Dans un âge où les hommes les plus actifs commencent à éprouver le besoin du repos, il devint un de nos Écrivains les plus féconds & les plus infatigables. Il publia ces Contes où des tableaux voluptueux n’alarment jamais la décence ; où une plaisanterie fine & légère répand la gaieté au milieu des combats éternels & des longs amours de nos Paladins. Le naturel des sentiments & des images, fait oublier le merveilleux des aventures. Rajeunis par lui, nos anciens romanciers ont de l’esprit & même de la vérité ; leur imagination vagabonde n’est plus que riante & folâtre. Enfin l’Arioste lui-même n’a perdu entre les mains de M. de Tressan, que ce qu’un grand Poëte est condamné à perdre dans une traduction en prose.

La vieillesse est peut-être l’âge de la vie auquel ces ingénieuses bagatelles conviennent le mieux, & où l’on peut s’y livrer avec moins de scrupule & plus de succès. C’est lorsqu’on est désabusé de tout, qu’on a le droit de parler de tout en badinant. C’est alors qu’une longue expérience a pu enseigner l’art de cacher la raison sous un voile qui l’embellisse, & permette à des yeux trop délicats d’en soutenir la lumière ; c’est alors qu’indulgent sur les erreurs de l’humanité, on peut les peindre sans humeur & les corriger sans fiel.

On n’a plus la force de suivre la vérité qui se dérobe à notre foiblesse ; les traits profonds qui peignent les passions, échappent à une ame qui n’en conserve plus que des souvenirs presqu’effacés.
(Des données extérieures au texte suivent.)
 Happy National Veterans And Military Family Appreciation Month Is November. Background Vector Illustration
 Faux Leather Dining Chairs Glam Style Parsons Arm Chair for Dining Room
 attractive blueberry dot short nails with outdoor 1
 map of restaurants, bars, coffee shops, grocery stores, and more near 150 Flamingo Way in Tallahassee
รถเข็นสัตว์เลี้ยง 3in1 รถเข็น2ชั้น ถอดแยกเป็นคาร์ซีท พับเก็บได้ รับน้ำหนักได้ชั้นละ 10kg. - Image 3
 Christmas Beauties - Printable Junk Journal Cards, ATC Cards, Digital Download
La réalité n’offre à la vieillesse que des regrets : c’est dans un monde idéal, qu’elle doit chercher à exister. La jeunesse poursuit trop souvent avec ardeur des chimères sérieuses que son imagination réalise : pourquoi n’excuserions-nous pas la vieillesse lorsqu’elle s’amuse avec des Contes, & qu’elle cherche à jouir un moment de leurs douces & passagères illusions ?
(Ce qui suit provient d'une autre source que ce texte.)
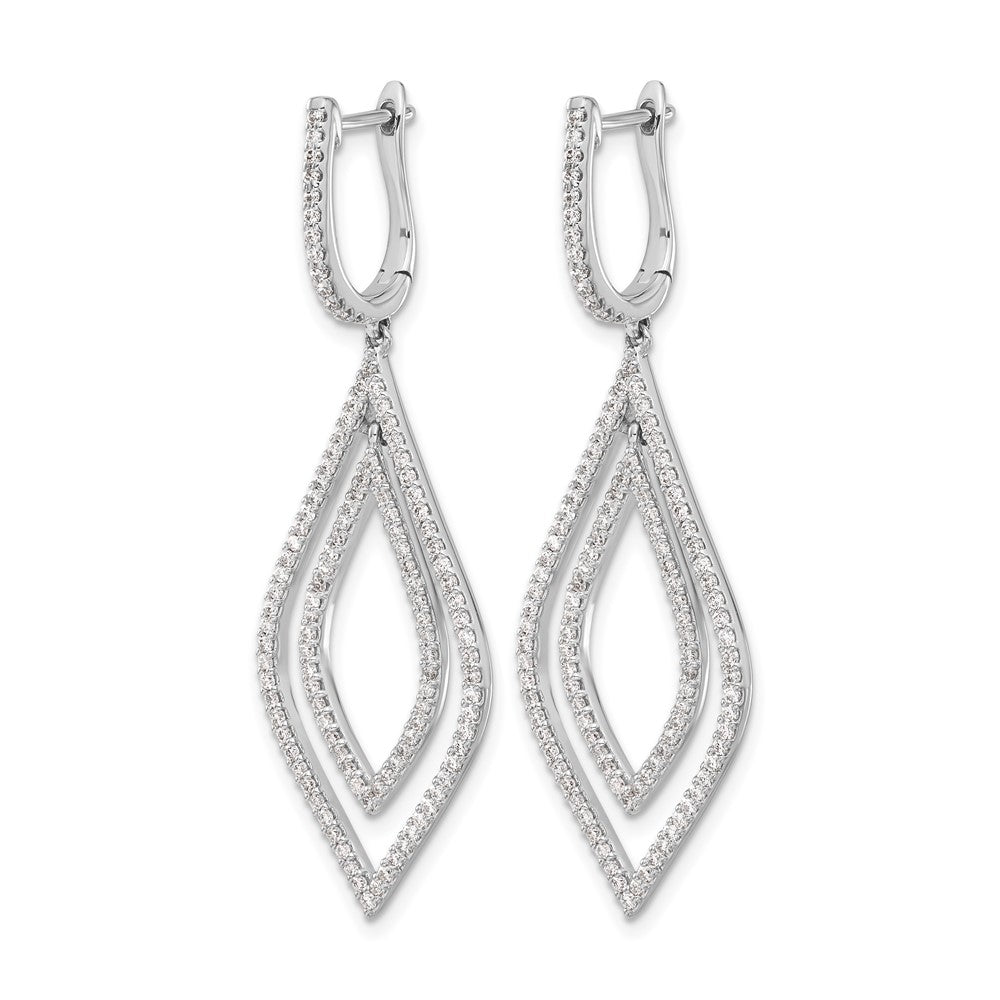 14k White Gold 1.1 carat Diamond Teardrop Hinged Dangle Earrings - View 2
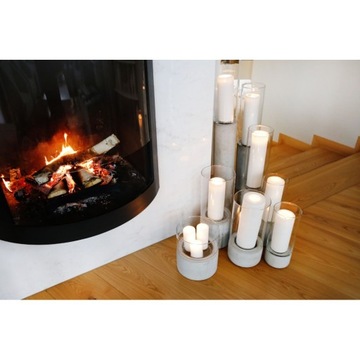 ŚWIECZNIK LAMPION SZKLANY + BETON ARCHITEKTONICZNY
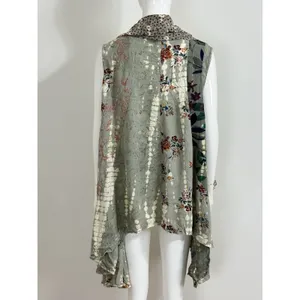 Women’s Floral Patchwork Kimono Duster Vest Cover Up Boho Hippie Size L/XL NWT thumbnail 9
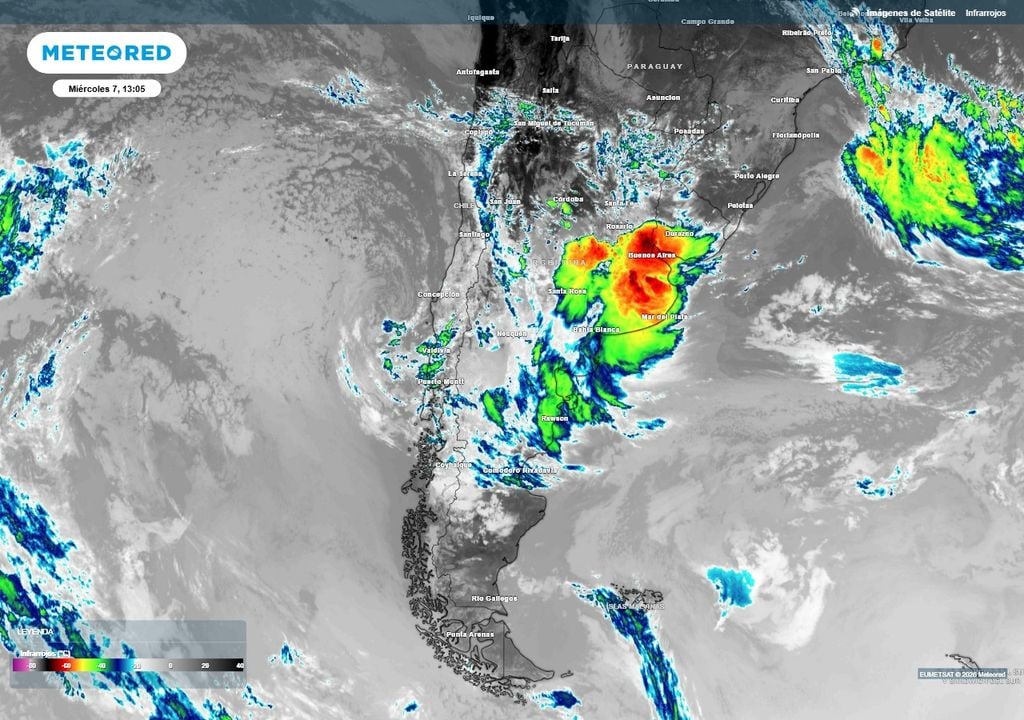 Argentina alerta naranja SMN tormentas fuertes severas El Niño Miércoles muy inestable en el centro de Argentina, con potentes tormentas.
M. le comte de Tressan étoit depuis long-temps associé libre de l’Académie des Sciences ; & ces deux Compagnies ont toujours vu naître avec plaisir l’occasion de resserrer par de nouveaux liens cette union utile à toutes deux. Vous venez de nous montrer combien l’Éloquence et la Littérature peuvent devoir de beautés à l’étude approfondie de l’homme & de la Nature ; mais combien aussi les Sciences peuvent-elles avoir d’obligation à l’étude des Lettres ! La méthode de se former des idées justes, est liée à l’art de s’exprimer avec précision ; la clarté de nos idées dépend de l’exactitude du sens que nous attachons à leurs signes : nous n’avons même d’idées bien précises, que celles dont nous avons fixé l’étendue en les désignant par un mot. Ce n’est pas seulement en parlant, en lisant, en écrivant, que nous ne séparons point nos idées du mot qui les exprime ; cette liaison se fait sentir dans nos méditations & dans nos recherches. Les idées que nous combinons pour nous élever à des vérités nouvelles, ne se présentent à l’esprit qu’accompagnées du signe que l’habitude ne nous permet plus d’en séparer ; & la perfection de la langue de chaque Science, contribue, plus qu’on ne l’imagine à y rendre les découvertes plus promptes & plus faciles.

Long-temps on a paru croire que l’étude des Sciences étoit contraire au goût dans les Lettres, tandis qu’un autre préjugé faisoit craindre pour les Sciences, la distraction où peut entraîner l’amour de la Littérature, & la facilité que donne l’art d’écrire pour faire valoir de petits objets ou voiler les défauts d’un Ouvrage. Votre exemple, Monsieur, est une réponse de plus qui doit servir à prouver combien de pareilles craintes sont chimériques. Si ces préjugés, chers à quelques Littérateurs ignorants & à quelques Savants médiocres, n’ont pour cause que la répugnance avec laquelle ils consentiroient à reconnoître dans un seul homme une double supériorité, votre caractère peut encore les désarmer ; &, par une exception honorable, vous échapperez sans doute à la proscription que la médiocrité a prononcée contre tous ceux qui osent embrasser deux genres si éloignés en apparence, & ont le bonheur dangereux & rare de réussir dans tous deux.